I love Entourage. We all do. Actually, we all don’t. No one watches this show. I know, Entertainment Weekly and popular culture in general would have you believe that this is a show everyone watches but that's a big fat lie. Of course, everyone I know watches it but apparently no one else in America does. This show is the ying to American Idol’s yang. It’s 5 million times cooler and better and yet America could give a fuck. I blame that whole “middle of the country” people have told me about. I’ve seen pictures and heard stories but I didn’t think it could be real. It is. And normally I wouldn’t care, but it kinda means that there’s more American Idol’s to come and less Entourage’s. That sucks. Listen, middle of the country, if you like American Idol so much, do us all a favor and just go to a fricking karaoke bar and then come home, kick your feet up, and watch Entourage.

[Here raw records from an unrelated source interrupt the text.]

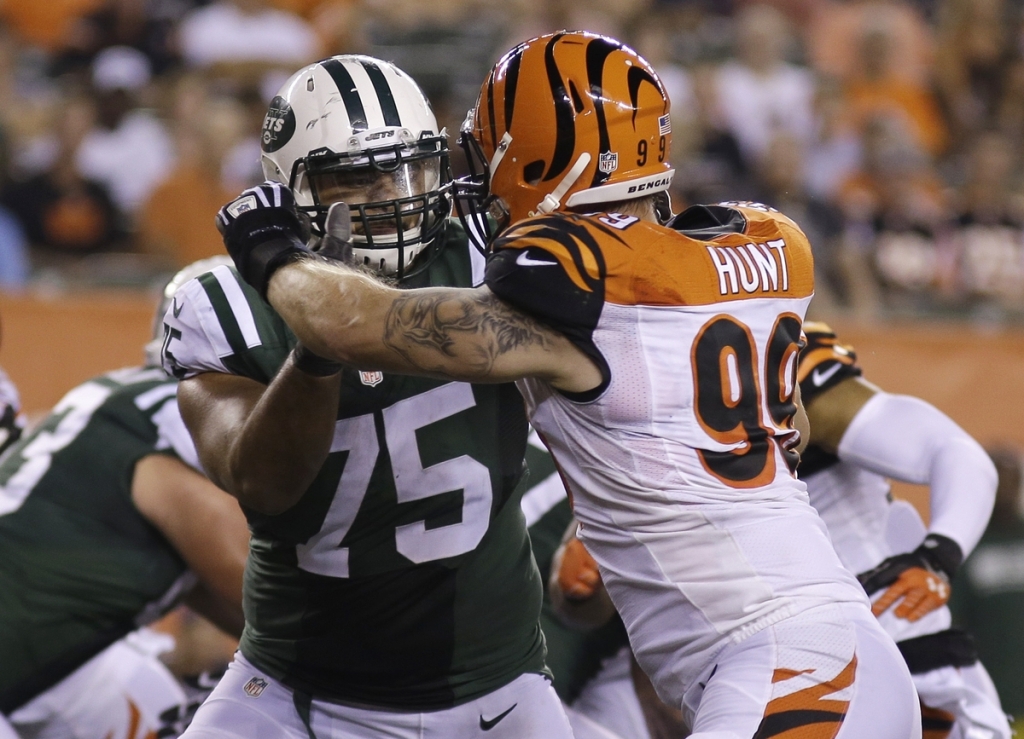 New York Jets offensive tackle Oday Aboushi works against Cincinnati Bengals defensive end Margus Hunt during an NFL preseason football game in Cincinnati Aboushi has been suspended one game without pay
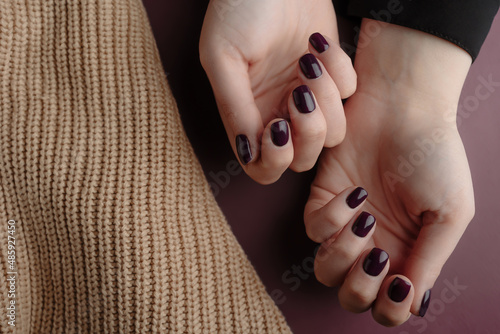 Woman showing her beautiful  manicure near a beige wool material. Trendy square nails Manicure. Manicure beauty salon concept. Hands after getting professional manicure in beauty salon, closeup.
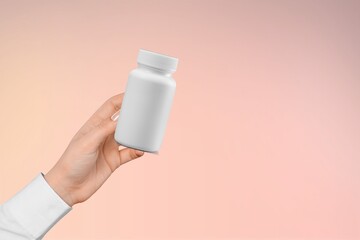 Human hand holding white blank bottle. Packaging for supplements.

If you didn’t know this about me, I am firmly entrenched with Team LC. If you don’t know what that means, then you obviously never watch TV’s version of crack cocaine: Laguna Beach. Laguna Beach is the reason I relate to Whitney Houston, crack maybe whack, but if it’s anything like Laguna, it’s so bad it’s rad (sorry). Anyway, this is the spinoff with my favorite Laguna girl LC. The only hesitancy I have to this show is my knowledge that LC is currently still dating that douchebag Jason. Oh, I fucking hate that guy. But I probably hate him in the same way that I hate every Real World dude, where I’m still compelled to watch them and thus feel better about my own life. Except for I don't get to go out with LC, or have a girlfriend at all really...but I can grow a better beard than him! So suck on that, Jason!
Let’s be honest, there’s only one reason I’m watching this show: Dylan McKay. It’s just a rule at this point, if Luke Perry, Jason Priestley, Brian Austin Green, or any other 90210-er are in a show, I’m watching (exceptions being that evil bitch Brenda and Jennie Garth’s WB show). And I read the trades everyday on the off chance I will see those magic words: “The Ian Ziering Project”. Also, the premise of this show is pretty cool. 20 friends win the lottery and then everything goes to hell. Solid idea. But you do have to wonder why a "regular network" is dumping this thing in the summer. I hope it's good, especially because I hate when a cool idea is wasted. Oh who am I kidding? I hope it's good for Luke's sake.